Escrito por: Antony Gómez Pinto*
¿Habrá sido casualidad? ¿O un mal tiempo hacía premonición del mal presagio que se aproximaba?
Como dados que se echan a la suerte, fue la decisión de millones colombianos, que hoy vemos como el peso de nuestro desdichado destino cae sobre nuestros hombros, sin consideración, aunque con previo aviso. Triste es el hecho de que paguemos con lágrimas de sangre el soñar, creer, que, por trabajar día a día con la esperanza de alcanzar un futuro mejor, un futuro próspero, con igualdad y oportunidades, tengamos que soportar la despiadada codicia e inhumana ambición de los que ‘se supone’ deberían protegernos y velar por nuestro bienestar y felicidad.

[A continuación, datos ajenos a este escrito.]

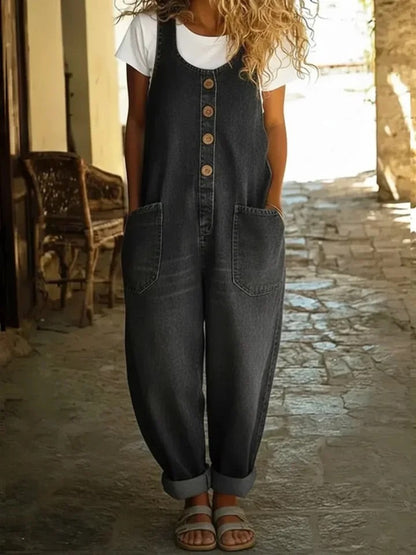 Renley London - Vintage Washed Cotton Denim Overalls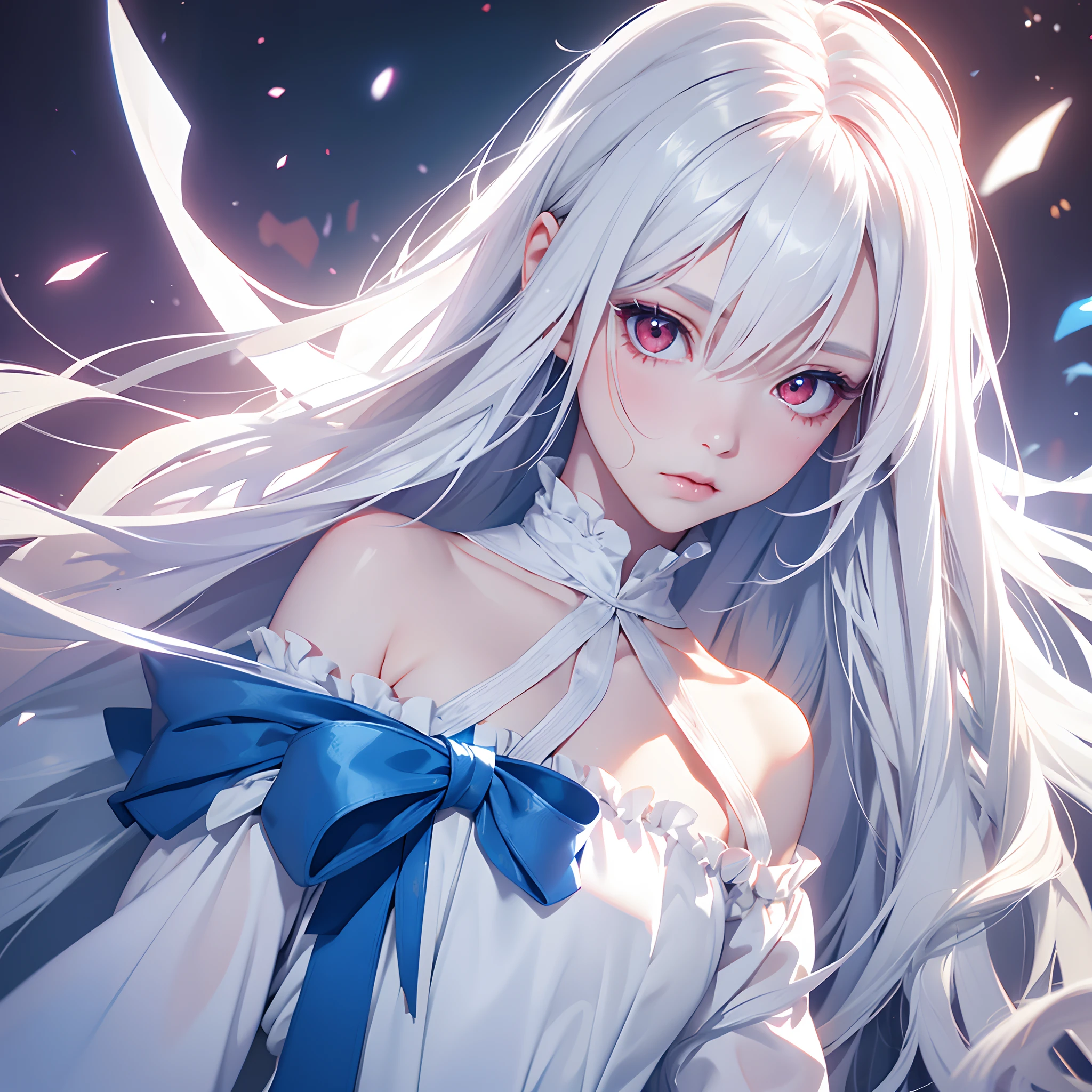 1girl,Albino, cute, white hair, beautiful, long hair,red eyes, wearing a white and blue dress, hair with a ribbon,((8k, UHD, ultra realistic))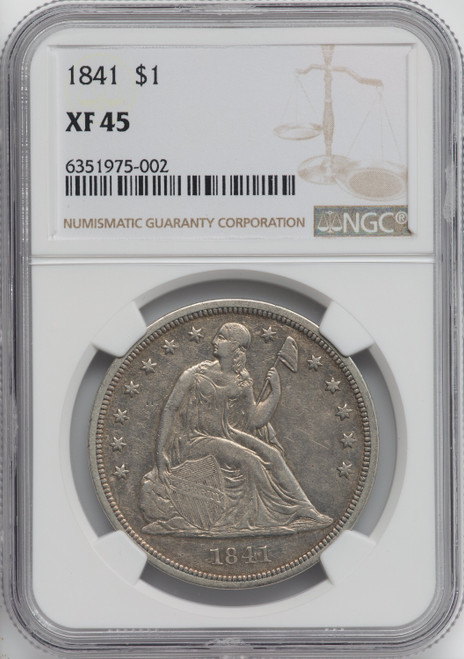 1841 S$1 Seated Dollar NGC XF45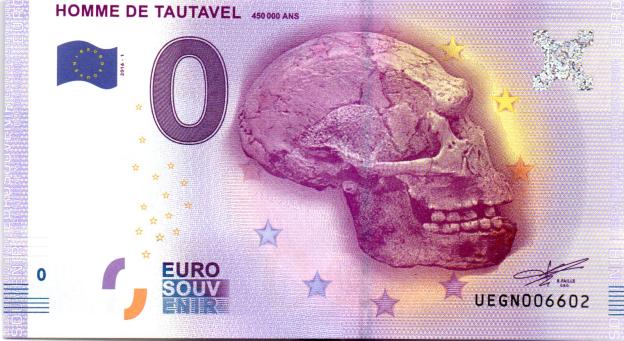 0 Euro Souvenir Note 2016 France UEGN - Homme de Tautavel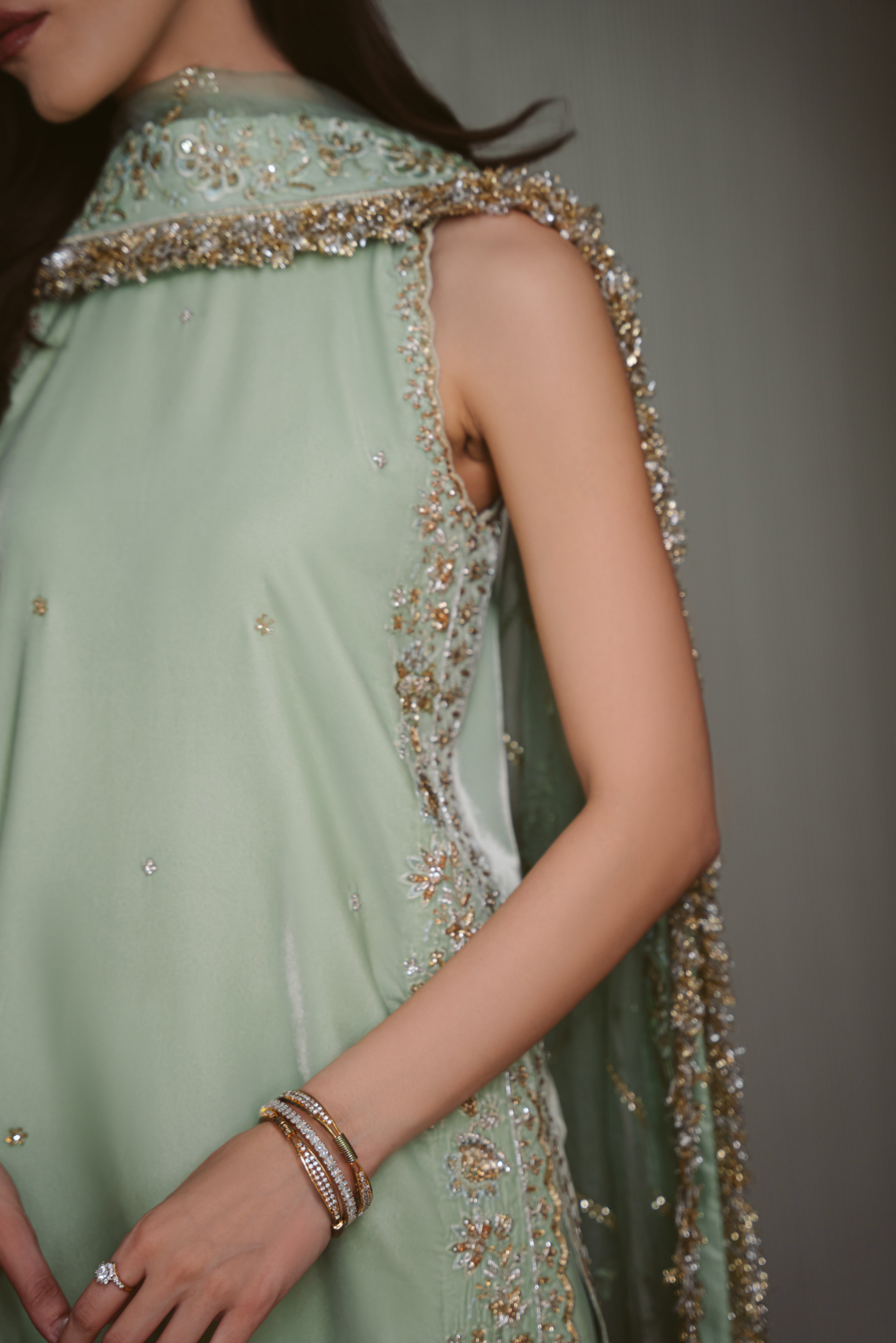 PASTEL MINT LUXURY COUTURE (NPA3-25456) - CUSTOMISABLE FABRIC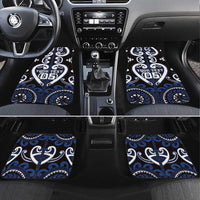 Aotearoa Ngati Tuwharetoa Car Mats Maori Tribal Pattern LT05 Set 4pcs Navy - Polynesian Pride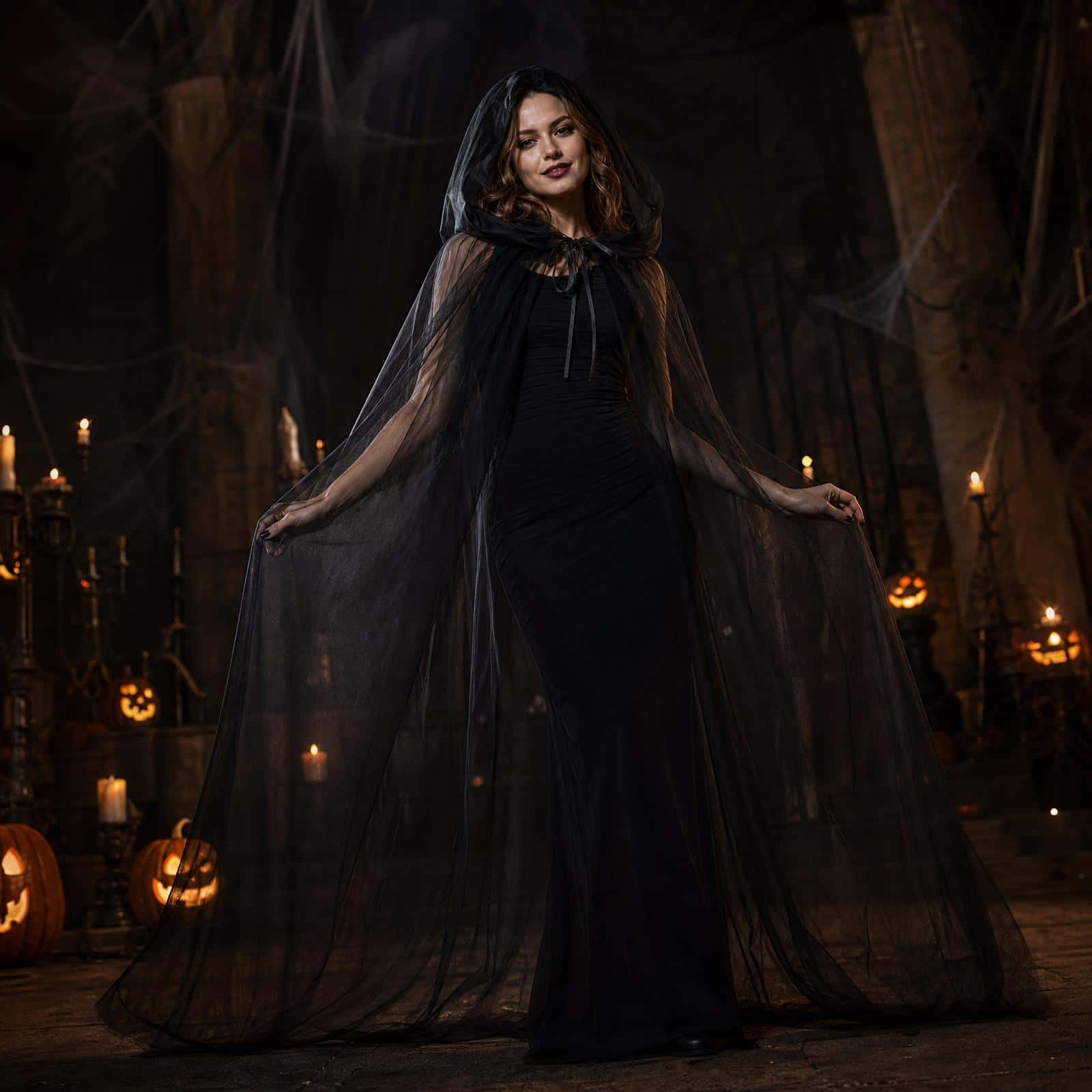 TEMU Ensemble de cape en tulle pour cosplay d'Halloween pour adultes, robe longue à capuche transparente noire et blanche, costume de fête sur le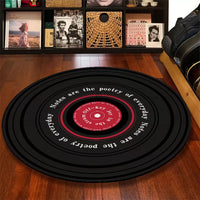 Vinyl Record Design Round Area Rug for Bedroom, Gaming Room, or Study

Los gritos desesperados de una madre por perder a su hijo, la angustia de una abuela que espera por el regreso y aparición de su nieto, las lágrimas de una estudiante que se ve humillada al protestar sus derechos, las voces silenciadas de aquellos que soñaban con un cambio, la visión cegada de cientos de líderes que buscaban mejores oportunidades para los suyos. Esto es Colombia, años de guerra, años de dolor. Donde el rojo de la sangre predomina sobre los demás colores, y el número de muertos cada año (por asesinatos, masacres y exceso de fuerza y poder) aumenta más que el salario mínimo y estándar de vida.
Un país donde hoy día te mata un virus, el hambre o una bala de quienes juraron defender nuestra integridad.
*El contenido de este artículo corresponde a una opinión personal de su autor, y no constituye ni compromete la posición institucional de la Universidad del Norte ni de ninguna otra de sus instancias.